PROVIDED DATA:
____

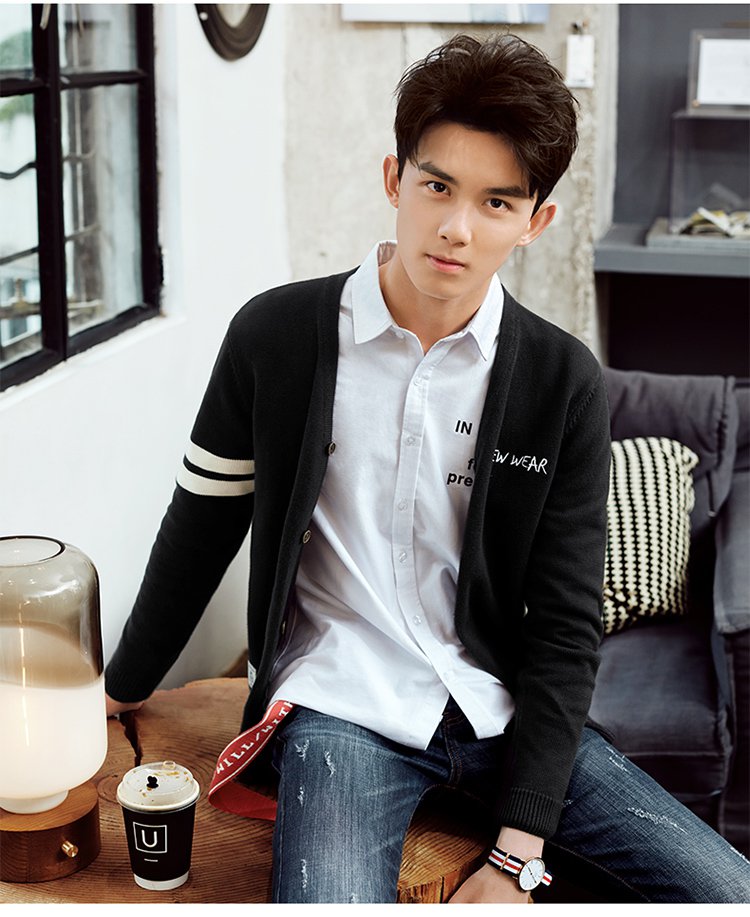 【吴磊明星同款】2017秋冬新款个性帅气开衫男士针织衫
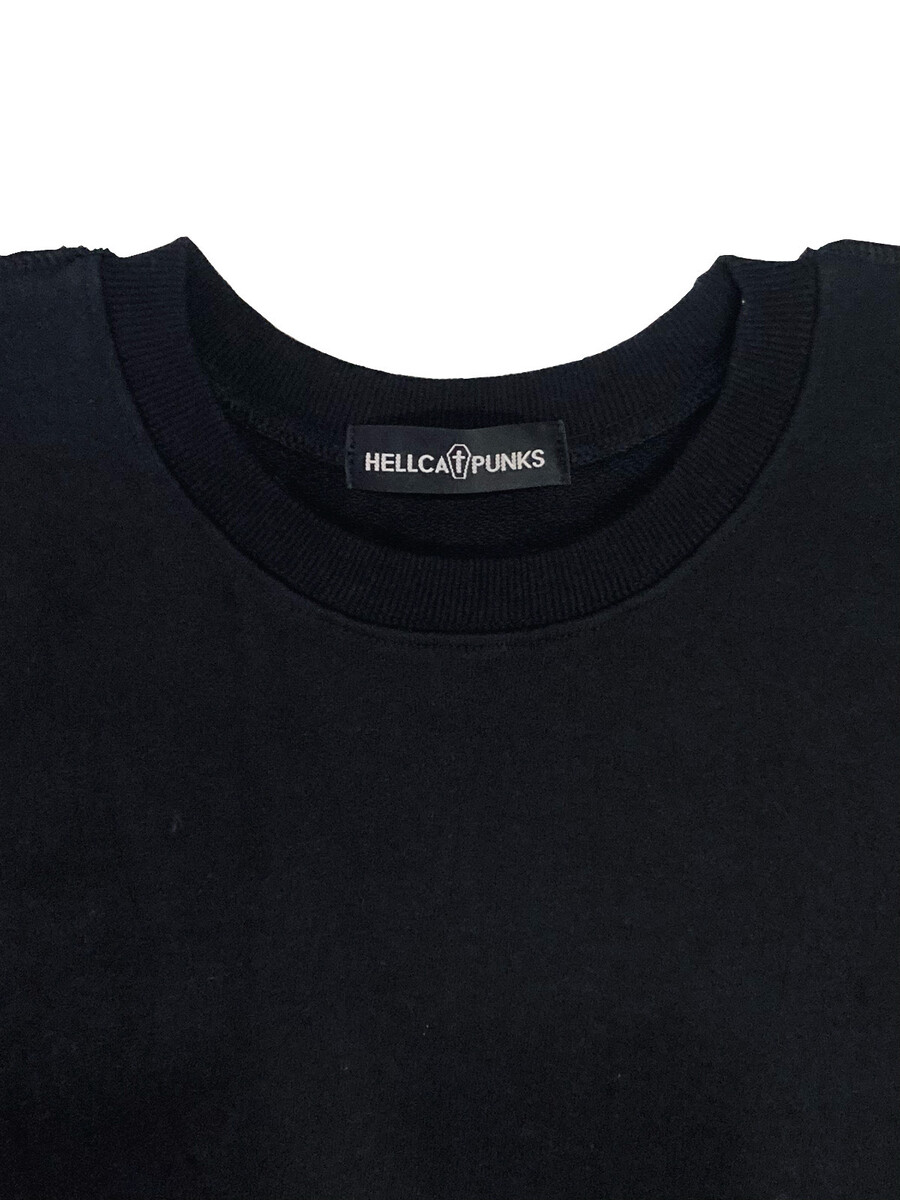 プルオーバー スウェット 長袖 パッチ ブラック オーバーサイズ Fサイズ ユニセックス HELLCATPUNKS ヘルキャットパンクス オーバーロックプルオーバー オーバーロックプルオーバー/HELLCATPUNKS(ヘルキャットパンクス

____

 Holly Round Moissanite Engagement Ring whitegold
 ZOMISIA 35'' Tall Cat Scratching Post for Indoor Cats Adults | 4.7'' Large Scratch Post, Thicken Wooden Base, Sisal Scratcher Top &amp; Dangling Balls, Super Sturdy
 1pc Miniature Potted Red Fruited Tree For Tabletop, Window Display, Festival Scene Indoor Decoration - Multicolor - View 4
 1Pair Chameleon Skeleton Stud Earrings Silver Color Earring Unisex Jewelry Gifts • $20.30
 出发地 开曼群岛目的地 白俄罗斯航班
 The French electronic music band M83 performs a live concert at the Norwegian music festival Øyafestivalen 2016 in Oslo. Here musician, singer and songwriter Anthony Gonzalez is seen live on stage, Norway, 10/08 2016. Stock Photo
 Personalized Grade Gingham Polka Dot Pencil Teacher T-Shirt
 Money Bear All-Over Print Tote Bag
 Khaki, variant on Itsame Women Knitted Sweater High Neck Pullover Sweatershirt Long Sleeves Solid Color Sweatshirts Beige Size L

____

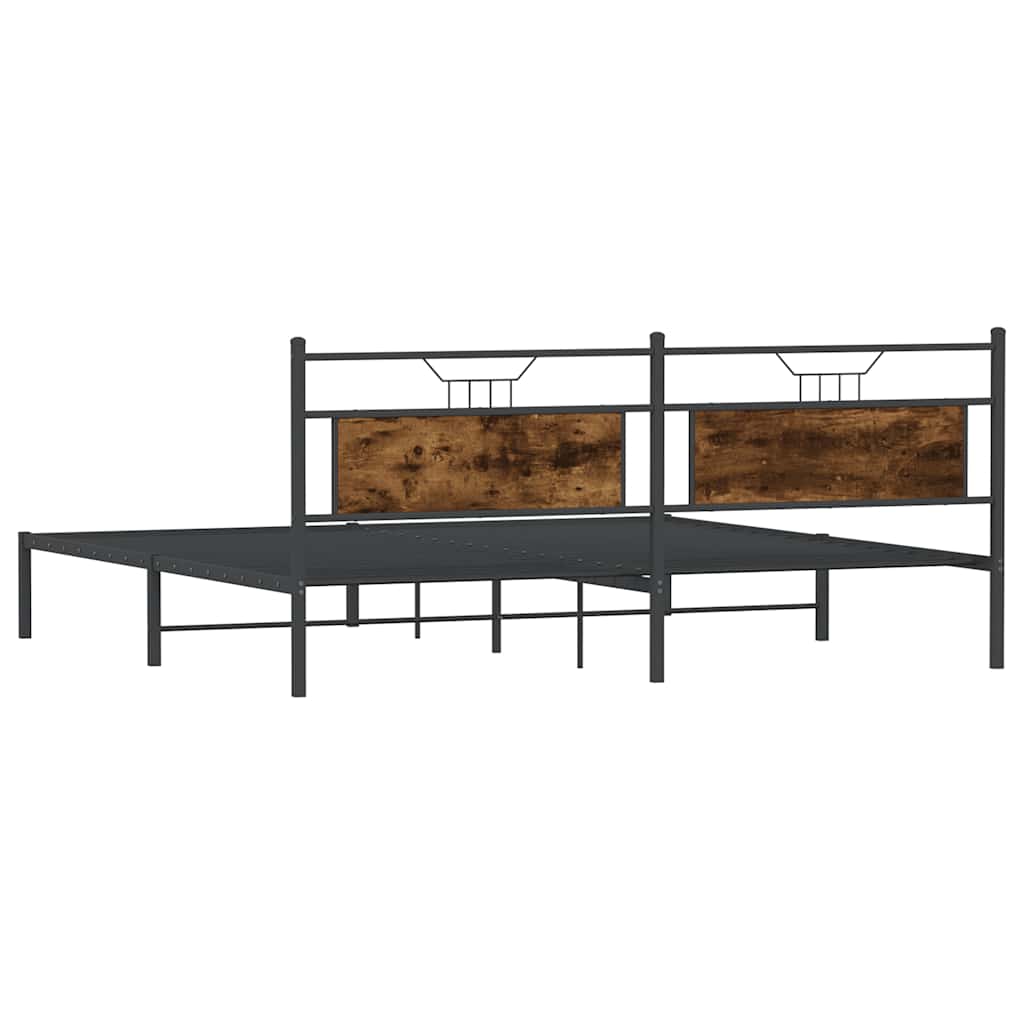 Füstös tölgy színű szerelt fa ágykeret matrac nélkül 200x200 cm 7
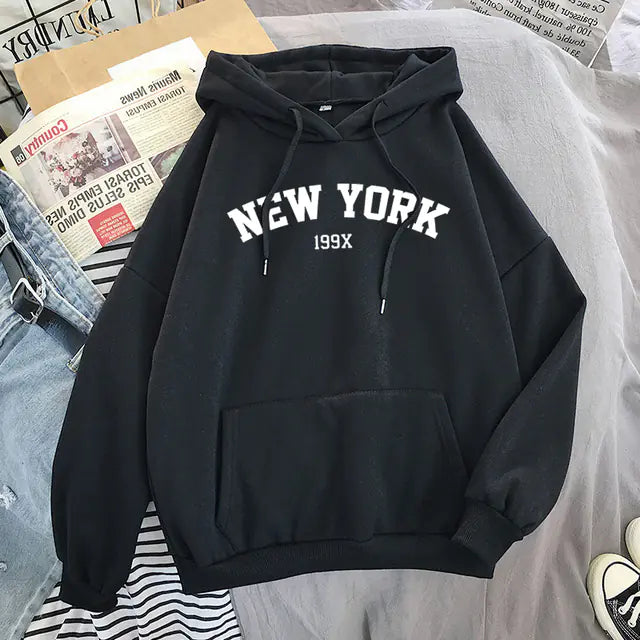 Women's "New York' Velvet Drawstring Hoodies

____

WORK REQUEST: Copy the lines above exactly, beginning at the line that has "1pc Miniature Potted" and stopping after the line that has "出发地 开曼群岛目的地 白俄罗斯航班", and omit the rest.

RESPONSE:
 1pc Miniature Potted Red Fruited Tree For Tabletop, Window Display, Festival Scene Indoor Decoration - Multicolor - View 4
 1Pair Chameleon Skeleton Stud Earrings Silver Color Earring Unisex Jewelry Gifts • $20.30
 出发地 开曼群岛目的地 白俄罗斯航班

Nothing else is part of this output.